Underneath the humor, however, is an interactive mental health site that walks men through depression screening tools, explanations of how feelings work and resources for getting their lives back on track. “Men aren’t reaching out for support, and this very much applies to the blue-collar, working man,” explains Nathaan Demers, a clinical psychologist and vice president and director of GRIT Digital Health who says that working-age men are considered to be at double jeopardy for suicide because they’re the most likely to die from suicide, and the least likely to reach out for support. “So much of the messaging around mental health is feminine and doesn’t resonate with that male voice. Men have a pull yourself-up-by-the-bootstraps, don’t-show-your-emotion attitude, so we developed Man Therapy and Dr. Rich Mahogany as part football coach, part drinking buddy and part therapist.”
He adds, “Working-age men also aren’t cruising the internet looking to take a depression screening test.”
Thus, even the Man Therapy 20-point head inspection, which serves the same purpose as the official PHQ-9 questionnaire given by doctors to assess depression severity, packs an irreverent punch. For example, before asking you about your sleep habits, it reads: “Did you know koalas sleep 18 hours a day? Lazy little bastards.”
While it might seem unnecessary to need to entice men in such a comical way to address their feelings, it’s important to understand that by not attending college, working-class men skipped a lot of touch points around mental health. “There’s a culture and climate on college campuses that says it’s more acceptable to reach out for support and use these services,” Demers explains. “Higher education also tends to be a pretty progressive place. It promotes introspection and looking at one’s self and personal growth. If you go right into the workforce — and my father did, as a cabinet maker — people don’t talk about feelings, and if you cry, you’re weak. That encourages people to stuff their emotions. Dying by suicide then can be less scary or intimidating than admitting vulnerabilities.”
There are particular stressors, too, that can contribute to the suicide rate for working-class men: The loss of a parent. Divorce. A bad marriage. The decline in marriage overall. And maybe most of all — job loss. “A lot of times, men identify their worth and value with their job,” Demers says. “Losing a job and not being able to provide for their family has a lot of implications with one’s self-worth and identity.” (Still, he cautions against thinking of suicide as an act that can be tracked back to a single cause. “It’s never one thing,” he stresses. “It might be the straw that broke the camel’s back, but it’s never just one reason.”)

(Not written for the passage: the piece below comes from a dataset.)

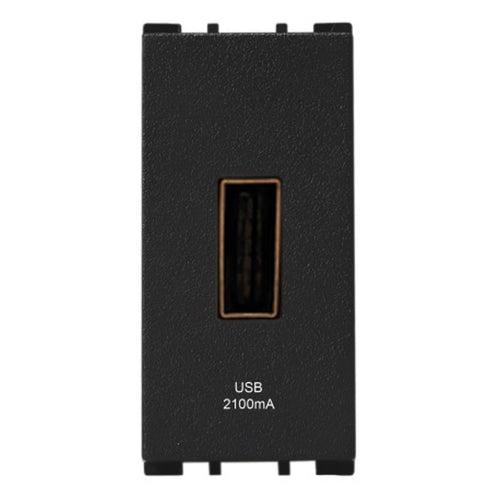 Anchor Vision USB-A Charger Single Port 2Module Black WIM1341B 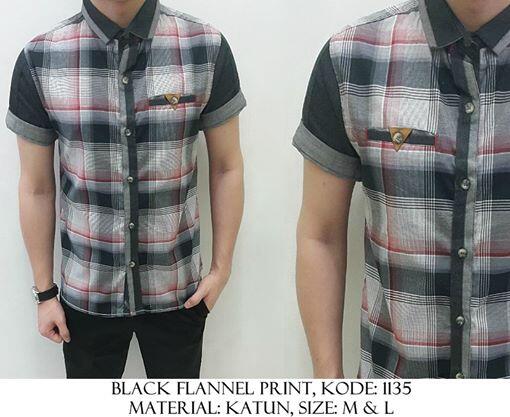Kemeja Katun Denim Polos/Motif/Printed/Batik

Given the gravity of all of this, as Man Therapy progressed in development, there were some concerns about the tone coming off as mocking or too lighthearted for something so grim. But the Office of Suicide Prevention in Colorado, which is part of the state’s Department of Public Health, felt strongly that the humor was perfectly suited to the difficulty of the subject, just as jokey campaigns in the past have been used to get men to pay more attention to prostate exams and erectile dysfunction.
They were right, too. Once Man Therapy was pushed out into the world, it clicked with men fast — and spread even faster. Today, it’s helped more than 300,000 men with depression screenings, and over 30,000 men have accessed its crisis information, which in many cases, has saved lives. “One man called and broke down in tears,” Demers says. “He said, ‘Your website saved my life last night. He had a loaded gun, but he clicked on the red phone on the site [which connects users to the National Suicide Hotline], and it ended up saving his life.”